Instead, Newco would be subject to tax as a corporation on its income and loss
at federal tax rates which currently are as high as 35%. In addition, any
distributions from Newco would generally be taxed as dividends to the extent of
Newco's accumulated or current earnings and profits.
 
     Finally, under this scenario, Newco would be the party treated as
recognizing the CODI arising from the Exchange. Because Newco would be in
bankruptcy when the CODI would otherwise be recognized for federal income tax
purposes, Newco will not recognize taxable income, but will instead be required
to reduce its tax attributes (which will primarily result in a reduction of the
tax basis of Newco's assets). Newco's tax basis in the assets received from
Huntway in the deemed contribution would be reduced by the amount of the
excluded CODI, but not to an amount less than Newco's remaining debt.

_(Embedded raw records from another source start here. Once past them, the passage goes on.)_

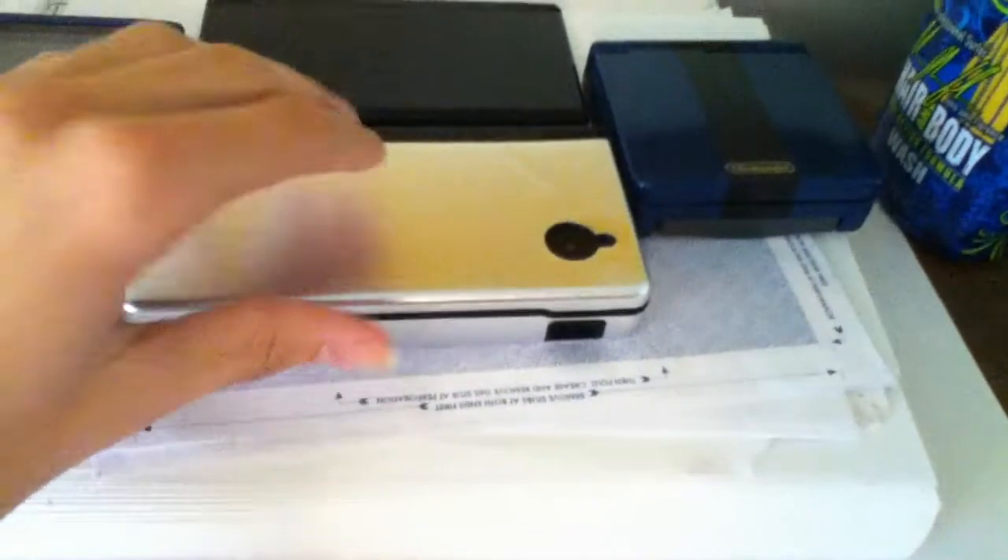I usually keep my Game Boys up here so I know where they are: the DSi, DS Lite, Game Boy Color, and Game Boy SP.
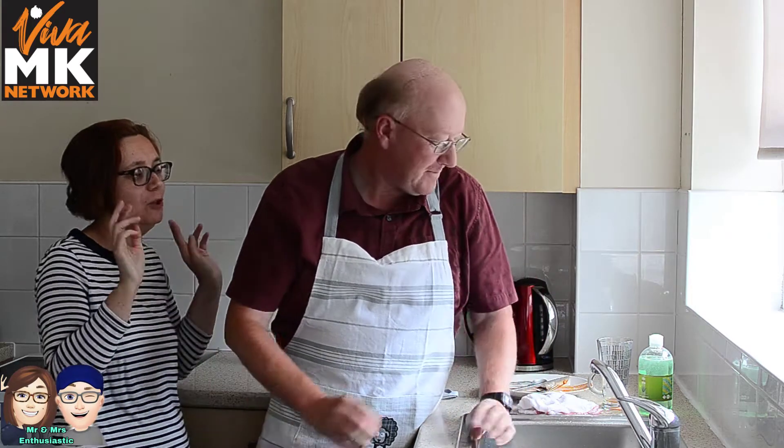Hi, it's Mr. and Mrs. Enthusiastic, and what have you got me doing today? Washing up mystery. I thought we could give a review on the Viva MK washing up liquid. Right, okay, so Viva MK washing up liquid, which is cool because I can't say it.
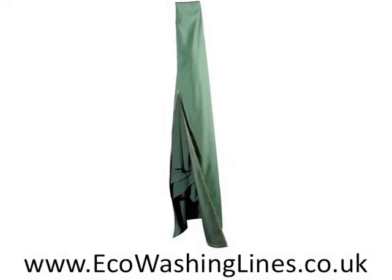This is a premium rain cover for rotary washing lines and will give many years of service and protection for your washing line, and will not crumble or crack in the first year of operation.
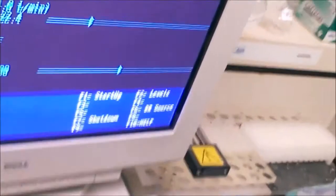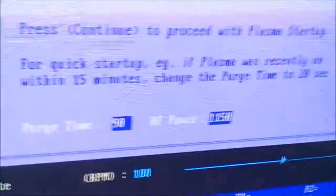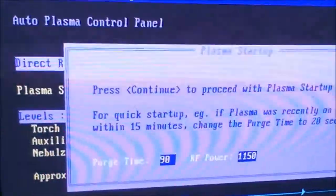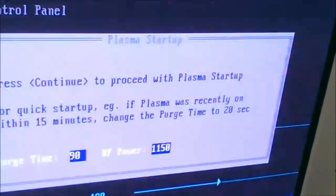Remember not to burn the ICP dry — you're always going to want to run it with liquid. So now we can click F1 startup. If we click F1, it'll come up like this — it's asking if we really want to proceed with the startup. And we do, so we press F9 to continue. Now it's purging with argon and starting up.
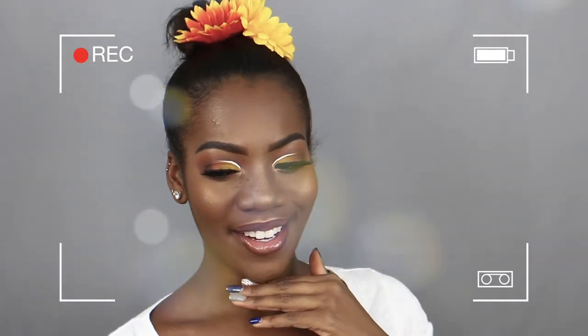It's just stunning. I feel so cute. I feel like I belong in a garden. Plant me and I will grow.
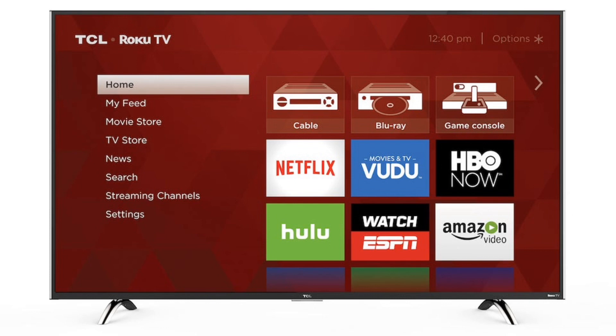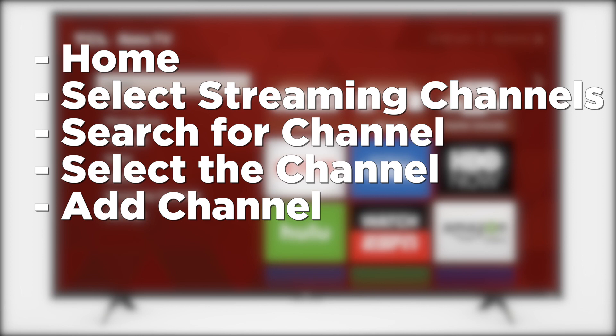On most TCL Smart TVs, including the TCL Roku TV, the first thing you're going to want to do is press the Home button. Then go to Select Streaming Channels. They call them channels, but they really are just apps. Search for the channel you want to install — for example, one like Hulu or Disney+ — then select Channel, and then Add Channel.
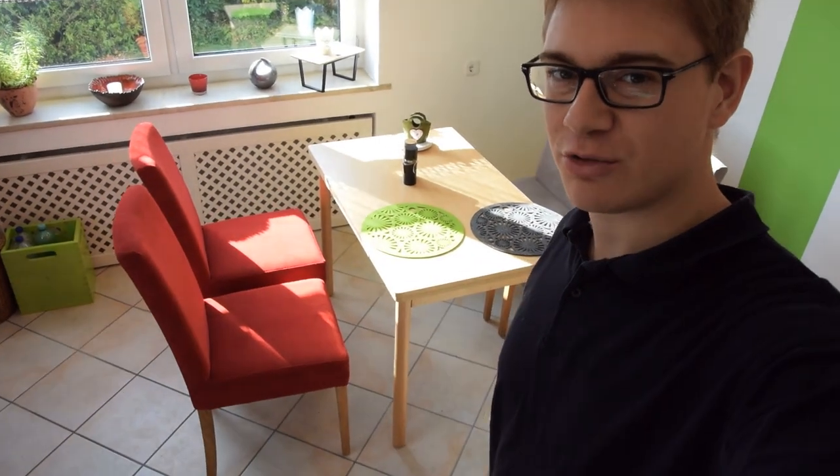That's been our kitchen table for more than one and a half years and I think it's time for a change.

Accordingly, Newco would have a lower level of depreciation and amortization
deductions to offset future taxable income than is currently the case.
 
Certain Other Consequences of the Exchange to Holders of Class 2 Claims, Class 5
Claims and Class 6 Claims
 
     Holders of Class 2 Claims and Class 5 Claims
 
     The federal income tax consequences of the Exchange to the Holders of Class
2 Claims and Class 5 Claims are not clear and may depend on positions taken by
Huntway with respect to the application of a partnership-equity-for-debt
exception to the recognition of CODI and the allocation of consideration
received in the Exchange. Except where otherwise noted, the following discussion
assumes that a partnership-equity-for-debt exception to the recognition of CODI
exists and applies to the Exchange. This discussion does not apply to any
exchange of the Increasing Rate Subordinated Note (Sunbelt IDB) Due 2008 issued
to Bankers Trust on June 22, 1993 for New Senior Notes (Sunbelt IDB) issued
under the Prepackaged Plan.
 
     For purposes of the following, Old Collateralized Notes, Old Subordinated
Notes, and Old Junior Subordinated Notes shall be referred to as "Old Notes."
New Senior Notes and New Junior Notes shall be referred to as "New Notes."
 
     In general, Huntway believes that (1) to the extent that Old Notes are
exchanged for New Notes, the Exchange should result in the recognition of
taxable gain or loss by the Holder under Internal Revenue Code sec.1001, since
the New Notes received in the Exchange will differ materially in kind and extent
from the Old Notes given up, and (2) to the extent that the Old Notes are
exchanged for Common Units, the Exchange will likely not result in the
recognition of taxable gain or loss, but rather should be treated as a
contribution to Huntway under Code sec.721. There can be no assurance that the
IRS will agree with either of these positions.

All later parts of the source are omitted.